İki yıl önce yani 17 Haziran 2019'da Şehid Muhammed Mursi, arzuladığı şehadet şerbetini içerek rabbine yürüdü.

Şehadetin, mübarek makamın ali olsun Ey Şehid.

Biliyor ve inanıyoruz ki sen ölmedin ve aramızdasın. Firavuni düzene karşı mücadelenin enerjisi oldun. Kararlılığınla yöneticilere örnek, dik duruşunla davetçilere ilham kaynağı olmaya devam ediyorsun.

Dünya zindanından ölümsüzlüğe doğru yola çıktın. Orada seni bekleyen El Benna’lara, Kutup’lara, Udeh’lere selam söyle. Ve onlara de ki, “Ey bu topraklara tohum eken ve kanlarıyla sulayan azizler; sizin ektiğiniz tohumların meyvesi size gönderdiğimiz yüzlerce şehidlerdir. Ben de onun meyvesi ve şahidiyim.”

Şehadetin dünya Müslümanları için büyük bir kayıp oldu. Çünkü gözbebeğimiz Kudüs bir muhafızını, Ümmet ise bir ağabeyini kaybetti. Şehadetine çok üzülsek de, “Bu dava çok büyüktür. En iyilerimizi feda etmeliyiz” anlayışı bize teselli veriyor.

Senin katilin sadece Firavun Sisi ve avenesi değil, aynı zamanda büyük şeytan ABD, İslam Coğrafyasındaki fitnelerin mimarı İngiltere, Siyonist israil, onların maşası Suud ve daha nice Firavunlardır.

Ey Şehid Muhammed Mursi!

Sana Musa (as)’nın varisi, Yusuf (as)’un kader ortağı ve Mısır Yusufilerinin ağabeyi diyorlardı. Evet, sen izzetli mücadelenle, vakur duruşunla, bunu ispatlamıştın. Şehadetin ise kıyamet gününde bunun doğruluğuna şahit olacaktır.

Siz de iyi biliyorsunuz ki mezhepçilik ve nesepçilik fitnesi ümmeti yüzlerce parçaya bölmüş. Kardeşlik saflarımızın arasında şeytanlar cirit atıyor. Belki bunun en büyük bedelini de siz ödediniz. Rabbim mazlumca şehadetinizi bu fitne ateşinin sönmesine vesile kılsın.

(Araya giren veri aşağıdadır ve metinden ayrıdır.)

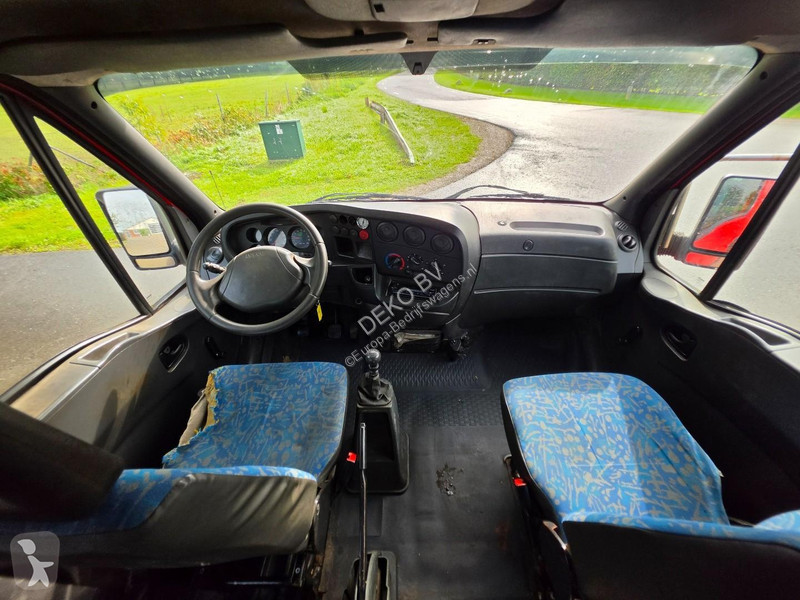 Véhicule utilitaire Iveco 145 hp with...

Mücadelenizi, azminizi, kararlılığınızı sizin cümlelerinizle anlatmaya çalışacağım. Demiştiniz ya, “Çocuklarımız bizler için ‘onlar adamdı’ diyecekler.” Evet, şahidiz ki sadece çocuklarınız değil vicdan sahibi tüm insanlar sizler için “onlar adamdı” diyorlar.

Demiştiniz ya, “Bizi toprağa gömdüler, fakat tohum olduğumuzu bilmiyorlardı.” Sizin bu cümlenizi emperyalizmin maşası Sisiler anlayamazlar. İnanıyoruz ki, bu tohumların meyvesi Musa'lar (as) olacak ve Kızıldeniz’i onlara mezar edecektir.

Demiştiniz ya, “Düşmanlarım bana ne yapabilirler ki, ben cenneti yüreğimde taşıyorum. Öldürülmem şehadettir.” Şahidiz ki Firavunlardan korkmadın, İslam’ın izzetini muhafaza ettin. Cennete ve şehadete âşıktın. Allah da aşığı maşukuna kavuşturdu. Mübarek olsun.

Demiştiniz ya, “Hücreme Kur’an-ı Kerim’in girmesini yasakladılar ama onu otuz yıl önce ezberlediğimi unuttular ve ona dokunabilmeyi çok isterdim…” Evet, Kur’an-ı Kerim’i yüreğinde ve hafızanda taşıyordun. Son nefesine kadar da onun hükümlerini hayatında tatbik ettiğine şahitlik ediyoruz. Kur’an hamili idin, onun şehidi de oldun.

Firavun Sisi ve avenesi seni Mısır’da unutturmak istediler. Şehadetinle artık sadece Mısır’da değil tüm ümmetin kalbindesiniz.

Selam sizlere Musa (as)’nın varisleri.

Selam sizlere Yusuf (as)’un kader arkadaşları.

Selam sizlere Ey hayatlarını imanlarına şahit kılan şehitler.